Cette politique de collecte fiscale à tout prix, imposée le plus souvent par la Banque mondiale et par les pays prêteurs, est effectuée au détriment des intérêts à long terme des pays africains. La mission « économique » de la douane n’est pas prise en compte : la notion d’origine est elle aussi très complexe à vérifier. Elle ne peut être correctement effectuée qu’avec des contrôles a posteriori au niveau de la comptabilité des entreprises. Comme pour la valeur, le contrôle « primaire » en frontière est totalement inutile. La mission de protection de la douane est toujours négligée sous l’angle des contrôles approfondis : d’une part par le fait de l’inorganisation des douanes locales, et d’autre part par le maintien de textes répressifs rétrogrades conduisant à l’arbitraire et à un semblant de lutte contre la fraude qui sanctionne la forme de la déclaration.

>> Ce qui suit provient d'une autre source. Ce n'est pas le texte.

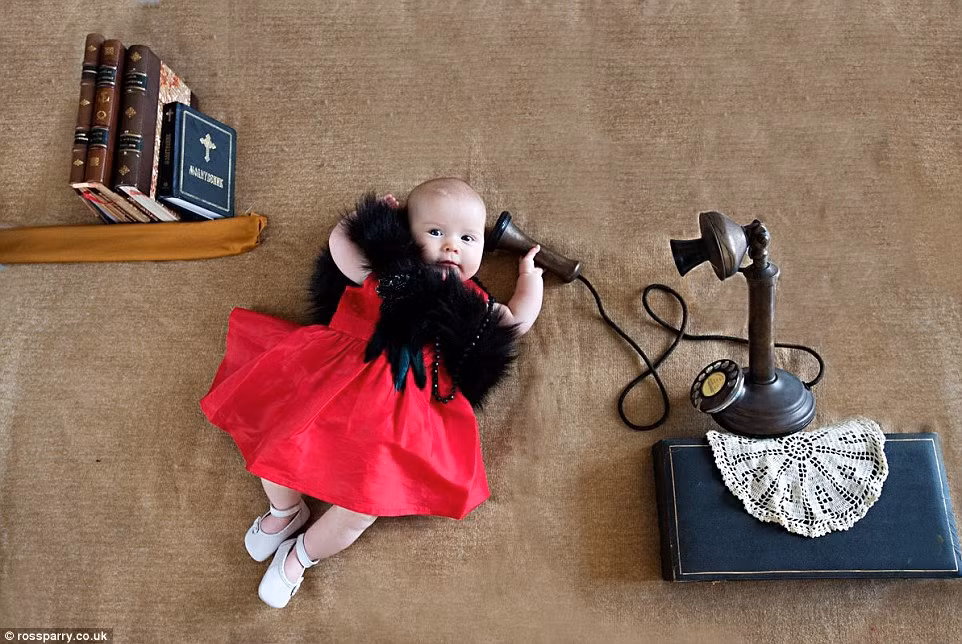 Những em bé trong bộ ảnh này đều ở khoảng 10 ngày tuổi, nhiếp ảnh gia phải tận dụng lúc các bé ngủ hoặc ngoan để tạo hình tư thế chuẩn nhất.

L’ARBRE QUI CACHE LA FORÊT

Enfin, il faut bien en parler : la corruption est un mal endémique dans les douanes du monde entier, mais en Afrique elle justifie toutes les autres turpitudes. Dans de nombreux pays du continent, la douane est montrée du doigt en tant que modèle de corruption. C’est souvent vrai. Mais c’est encore une fois l’arbre qui cache la forêt. Sait-on que le montant global des exonérations accordées par les ministres locaux des Finances ou par la présidence de la République – ce qu’on appelle « exonérations exceptionnelles » – et qui obligent les douanes à sortir de la réglementation est souvent supérieur aux recettes douanières ? Il suffit de comparer le coût payé par un pays à des sociétés de pré-inspections (en moyenne 1 % de la valeur des produits importés, ce qui représente une somme astronomique par rapport au budget de fonctionnement de la douane locale, salaires compris) pour comprendre que les États ne cherchent pas à rendre efficace leur administration.